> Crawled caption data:
++++++++

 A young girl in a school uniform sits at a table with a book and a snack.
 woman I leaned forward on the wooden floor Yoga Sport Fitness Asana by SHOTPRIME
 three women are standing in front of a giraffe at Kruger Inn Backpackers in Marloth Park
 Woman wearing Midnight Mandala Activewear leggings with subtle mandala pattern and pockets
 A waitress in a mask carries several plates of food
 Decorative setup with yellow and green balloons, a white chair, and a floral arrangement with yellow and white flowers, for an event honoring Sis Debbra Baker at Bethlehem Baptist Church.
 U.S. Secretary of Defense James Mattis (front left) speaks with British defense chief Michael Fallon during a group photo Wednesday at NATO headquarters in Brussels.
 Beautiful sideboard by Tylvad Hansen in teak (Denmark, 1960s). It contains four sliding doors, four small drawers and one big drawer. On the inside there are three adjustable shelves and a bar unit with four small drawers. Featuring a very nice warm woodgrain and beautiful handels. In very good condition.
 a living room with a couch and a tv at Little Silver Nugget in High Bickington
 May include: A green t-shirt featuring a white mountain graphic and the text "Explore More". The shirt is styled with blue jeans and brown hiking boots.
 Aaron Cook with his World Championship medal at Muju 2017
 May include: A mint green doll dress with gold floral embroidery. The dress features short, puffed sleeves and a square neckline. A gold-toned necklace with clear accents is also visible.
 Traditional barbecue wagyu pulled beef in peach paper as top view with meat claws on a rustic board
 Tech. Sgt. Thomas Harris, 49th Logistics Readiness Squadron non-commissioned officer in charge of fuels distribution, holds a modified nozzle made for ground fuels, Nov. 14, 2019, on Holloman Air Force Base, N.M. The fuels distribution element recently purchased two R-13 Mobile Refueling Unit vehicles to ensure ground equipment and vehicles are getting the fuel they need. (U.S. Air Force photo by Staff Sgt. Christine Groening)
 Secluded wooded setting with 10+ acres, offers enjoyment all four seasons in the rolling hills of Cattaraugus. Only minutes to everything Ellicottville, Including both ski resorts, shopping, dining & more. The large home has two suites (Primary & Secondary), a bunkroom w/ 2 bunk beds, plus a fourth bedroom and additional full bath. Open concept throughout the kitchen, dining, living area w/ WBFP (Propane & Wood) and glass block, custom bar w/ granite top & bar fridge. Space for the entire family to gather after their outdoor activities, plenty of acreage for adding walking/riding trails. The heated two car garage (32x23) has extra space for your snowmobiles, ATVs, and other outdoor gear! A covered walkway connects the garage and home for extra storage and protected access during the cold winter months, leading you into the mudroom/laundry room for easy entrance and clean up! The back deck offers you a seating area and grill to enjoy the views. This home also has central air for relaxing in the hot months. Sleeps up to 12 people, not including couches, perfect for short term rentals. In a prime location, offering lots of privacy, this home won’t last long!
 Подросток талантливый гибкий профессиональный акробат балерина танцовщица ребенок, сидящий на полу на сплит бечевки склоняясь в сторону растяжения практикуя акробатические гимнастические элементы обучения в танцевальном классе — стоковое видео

++++++++

> What you have to do: Count how many lines in the entries hold "floral" and reply with that number alone.

> Task response: 2